Recently, I needed a fast FIR filter to remove clutter from the display image of a radar system. We needed to filter each row of our 2D display without decreasing the frame rate. My direct implementation of the difference equation was fast enough, but it made me wonder if I could speed things up further through parallelization.
One common approach is, of course, FFT-based convolution. Given a vector with N elements, the FFT method is \(O(N log(N))\). The difference equation of an M-order FIR filter is \(O(MN)\), so it is reasonable to choose the FFT method when M is sufficiently large. In particular, when M and N are the same order of magnitude, difference equations scale the same as linear convolution - \(O(N^2)\). Typically \(M << N\), so the difference equation is common in practice. For instance, SciPy’s lfilter uses the direct method for FIR filters.
For our 8-order FIR lowpass filter, the time domain method is appropriate since M is much smaller than N. In this case, the algorithm is trivially parallel. We can break the signal into frames and independently filter each frame, provided that we have an overlap between frames of M samples. We need the overlap to eliminate the FIR impulse response, which lasts for M samples after the start of each frame. Since each frame processor only needs read-access to the signal and write access to disjoint chunks of the output, we can assign each frame to a different thread and process multiple frames in parallel. The frame-based approach is common in real-time audio applications, where streaming data is temporarily stored in buffers.
Our sequential version is implemented in firFilt
. The first loop processes the first M elements of the input. This needs a separate loop because x[-1], x[-2], ... x[-M+1]
are undefined and are assumed to be zero. Note that this could be made into an IIR filter with minimal code changes.
In C++11, the parallel version requires an additional function that will be called by each thread. We can implement this as firThread
, a function that performs FIR filtering on a segment of our input. We simply divide x into four parts and give each firThread
its own section. I hardcoded the number of threads as four, since that is the number of cores on my machine. We will refer to this implementation as parametric, since the filter coefficients are given as a function parameter.

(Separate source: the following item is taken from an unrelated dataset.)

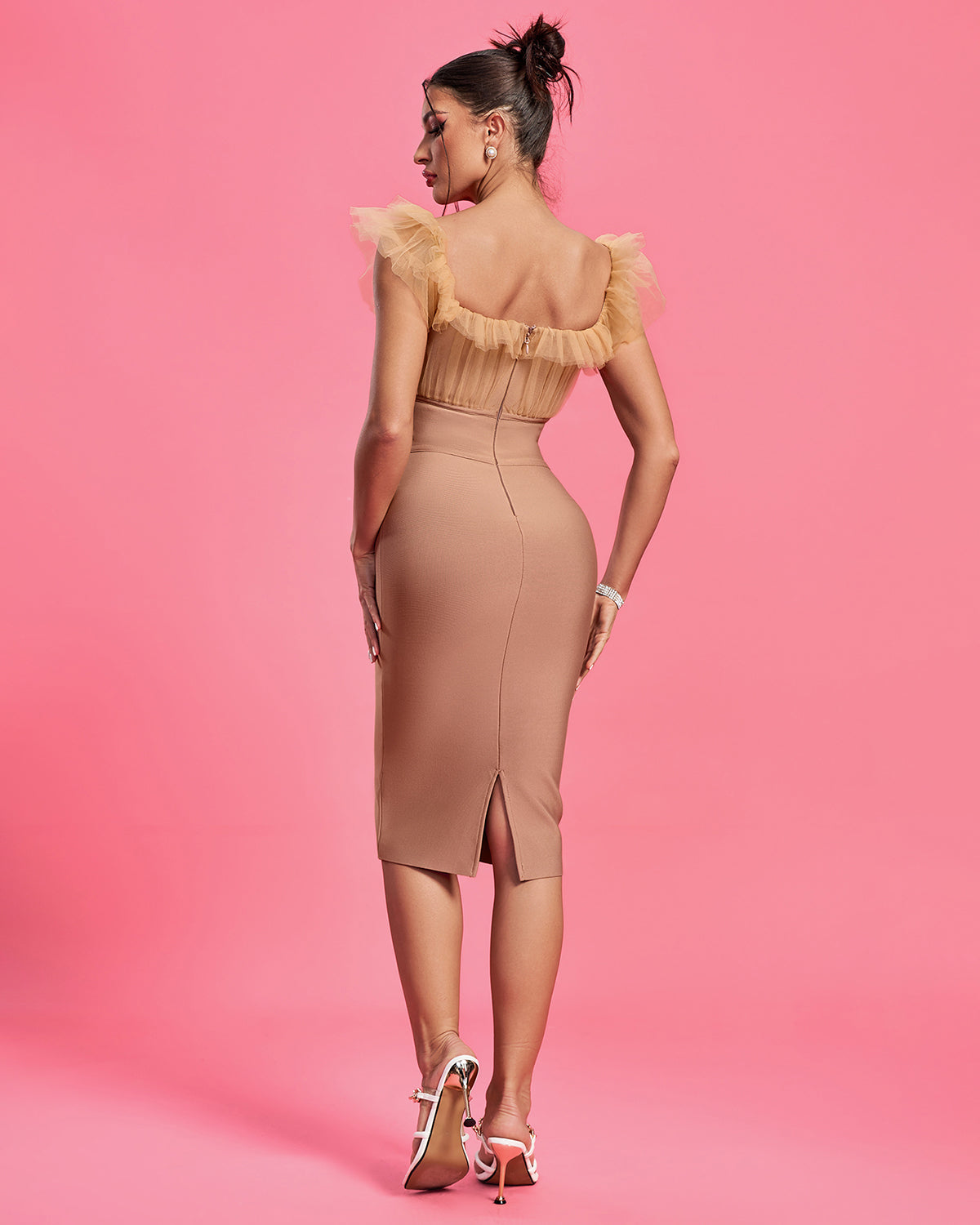 Chiffon Ruched Neck Midi Bandage Dress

I also included hardcoded FIR filters. Rather than loop through an array of filter coefficients, these functions simply multiply x[i] by coefficient values that are known at compile time. In all other respects, they are identical to firFilt
and firFilt4x
.
I compiled these functions with the -O3 flag and ran them through a test suite. I used an 8th order low-pass filter for testing. For each value of N, the filter functions were run 500 times and the average execution time was written to a CSV file. The results were processed in Python with Pandas and Seaborn.
It is understandable for the parallel filters to have a higher y-intercept than the sequential ones. It takes time to set up threads - about 25 μs per thread in this case. It also makes sense that the hardcoded filters are faster, since it’s less likely that we have to load the coefficients from RAM. However, I expected the slope of the line for the single-threaded filter to be four times that of the parallel filter.

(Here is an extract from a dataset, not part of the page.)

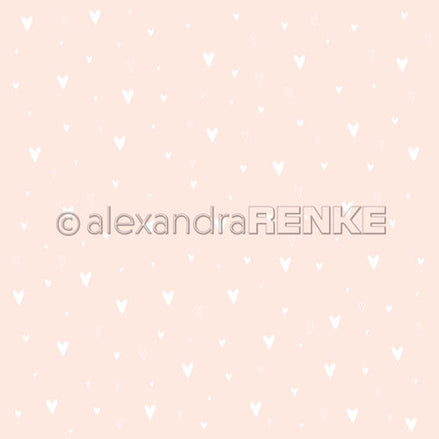 A. RENKE - Paper 'Baby White hearts on pink' 10.1650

This is true for the hardcoded filters, which have a slope ratio of 3.9. However, the parametric filters have extremely surprising behavior! The sequential filter outperforms the parallel one - multithreading causes a performance hit when we don’t hardcode the coefficients. I suspected that memory access and caching might be the culprit, so I conducted some additional tests.

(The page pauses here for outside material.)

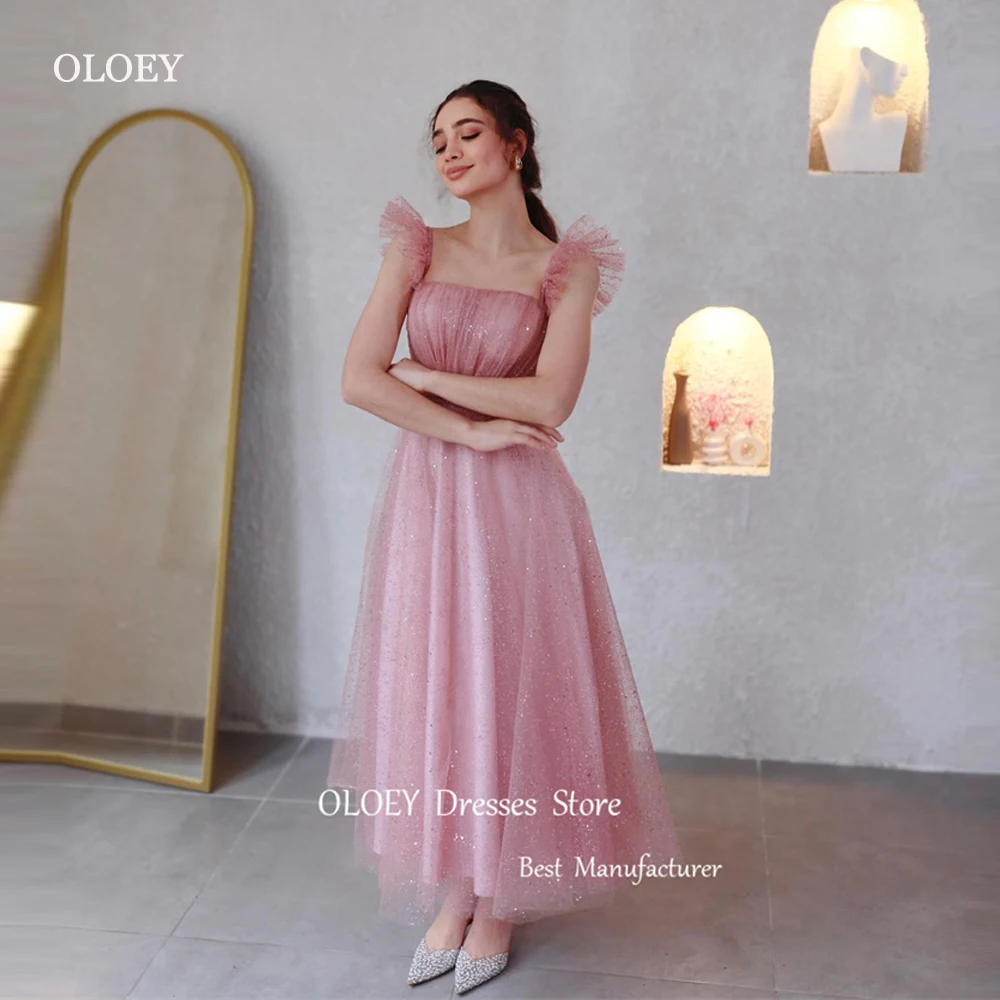 

OLOEY Sparkly Pink Glitter Tulle Evening Dresses Korea Wedding Party Dress Square Neck Ankle Length Prom Gowns Graduation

Let’s take a look at the assembly for our parallel algorithms. The hardcoded algorithm stores the filter coefficients in the xmm registers and then dereferences x within the loop.
The inner loop of the parametric algorithm loads the filter coefficients each time. It is also worth mentioning that the compiler has done some loop unrolling. The first x[i]*b[i]
computation happens before the innermost loop, and each step through LBB0_8 computes two difference equation terms.
Therefore, there are actually two differences between the fast and slow code - the amount of loop unrolling and the memory access required for the filter coefficients. To examine this behavior further, I tried unrolling four elements of the loop. I also tried prefetching the coefficients into local variables on the stack. It should be noted that the prefetching method requires the filter order at compile time, but not the coefficients.
The results are encouraging and the optimizations definitely reduced the runtime. It is impossible to conclusively say without measuring cache misses, but there is strong evidence that the default parallel implementation generated by the compiler had poor cache utilization. The main algorithmic bottleneck is memory access to the filter coefficients.
Even when an algorithm seems trivial to parallelize, practical implementation details can override theoretical improvements. Here, memory access to a shared resource - the filter coefficients - caused the default parallel implementation to have a higher cache miss rate. Whenever we introduce parallelism to a system, we need to carefully check our assumptions about resource access. Optimizations should always be guided by benchmark and profiler results.